Symphony orchestras seem to be going for youth these days. The New York Philharmonic just picked Alan Gilbert, a 40-year-old (when I was 25 I didn't consider 40 young but now I do) who is a native New Yorker and son of two Philharmonic musicians, as music director. At least the orchestra knows him; he's been hanging around since he was a kid, and he did a two-week stint as guest conductor last season He has been chief conductor of the Royal Stockholm Philharmonic since 2000, music director of the Santa Fe Opera, and a guest conductor with major orchestras.
Of course, compared to Gustavo Dudamel, a 26-year-old Venezuelan considered the hottest conducting property around, who was hired a couple of months ago by the Los Angeles Philharmonic, Gilbert is almost an old man.
It will be interesting to see how this all works out. The keepers of the institutions are engaged in more navel-gazing than usual about the relevance of symphonic music in the modern world, and agonizing over how to attract audiences with less than fully gray heads.
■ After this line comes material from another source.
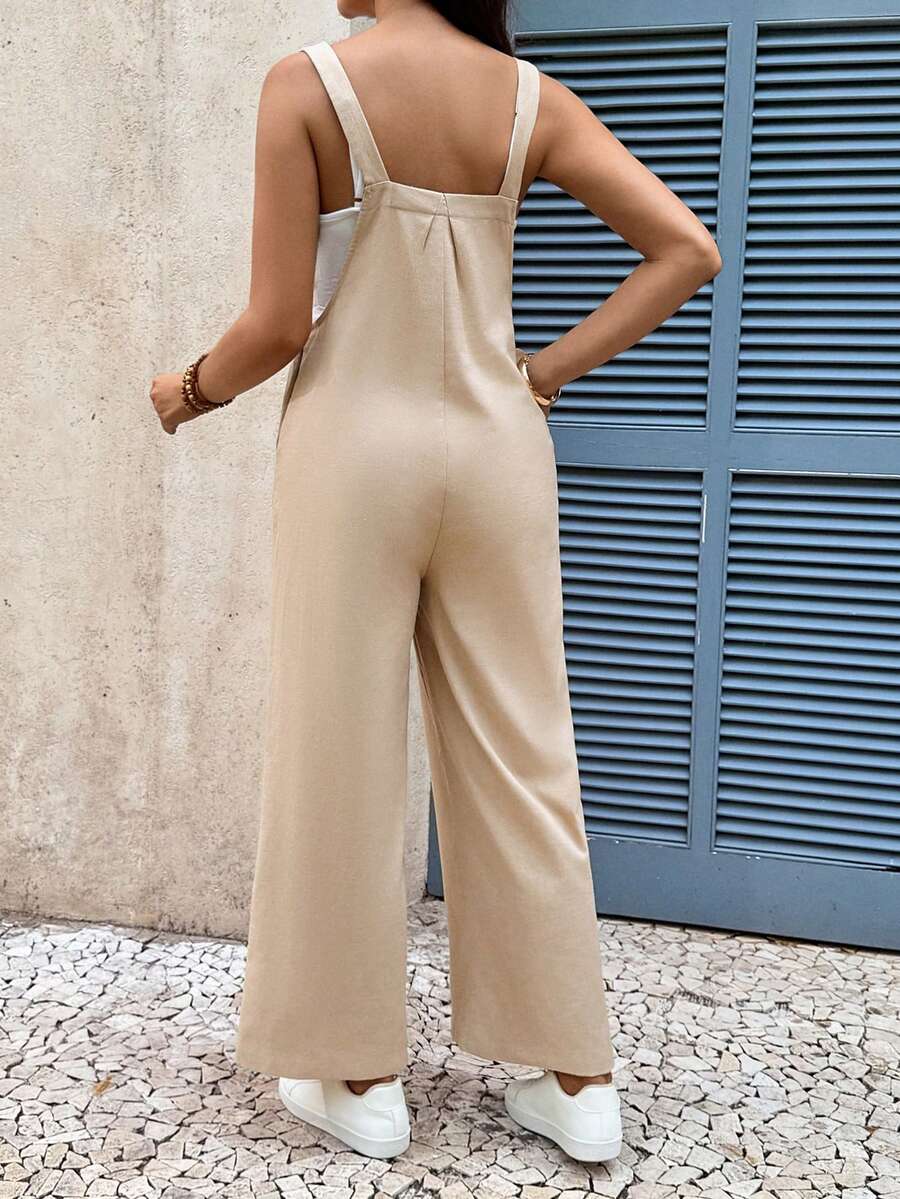 Light Khaki Maternity Button Down Pocket Jumpsuit - Minimalist Loose Fit Sleeveless High Waist Cotton Blend Overalls for Pregnancy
Although I have nothing against people who make "serious" music, one of my great passions, fun, I'm something of a traditionalist. Play it well, play it with passion, don't be too stodgy about new stuff but don't neglect the standard repertoire and those to whom the music speaks will find you. Unfortunately, baffling as it might be to me personally, it's not going to speak to everyone, and I don't know if any amount of music and arts education in schools will remedy that.
But then, when it comes to symphonic music, I've been a traditionalist since I was about 12. It helped that my parents introduced me, but it spoke to me instantly and has never let go. I still have their 78s of Schubert, Bach, Beethoven, Mendelssohn, Mahler and Wagner, though I don't have a contraption that will play them.
As to whether it's better to have a youngster or a seasoned veteran conduct an orchestra, there are valid arguments both ways. I was student conductor of the orchestra when I was in high school, and I had friends who I don't think were just flattering me (though I could have been fooling myself) who claimed the group played with a little more energy and passion when I conducted. Maybe, maybe not. But I do think the conducting gene shows up early, and when somebody has it as a conductor, he or she has it at an early age. A younger conductor is perhaps less inclined than a veteran to go through the motions with familiar material, and to view each concert, each piece, as a new challenge.
On the other hand, if you're any good at something, you should get better with experience. A good musician almost always finds something new in a piece of music -- if it's complex and subtle enough for stuff of value to be there -- each time he or she conducts or performs it. So old age and experience have their value.
It will be fascinating to watch and listen to these two.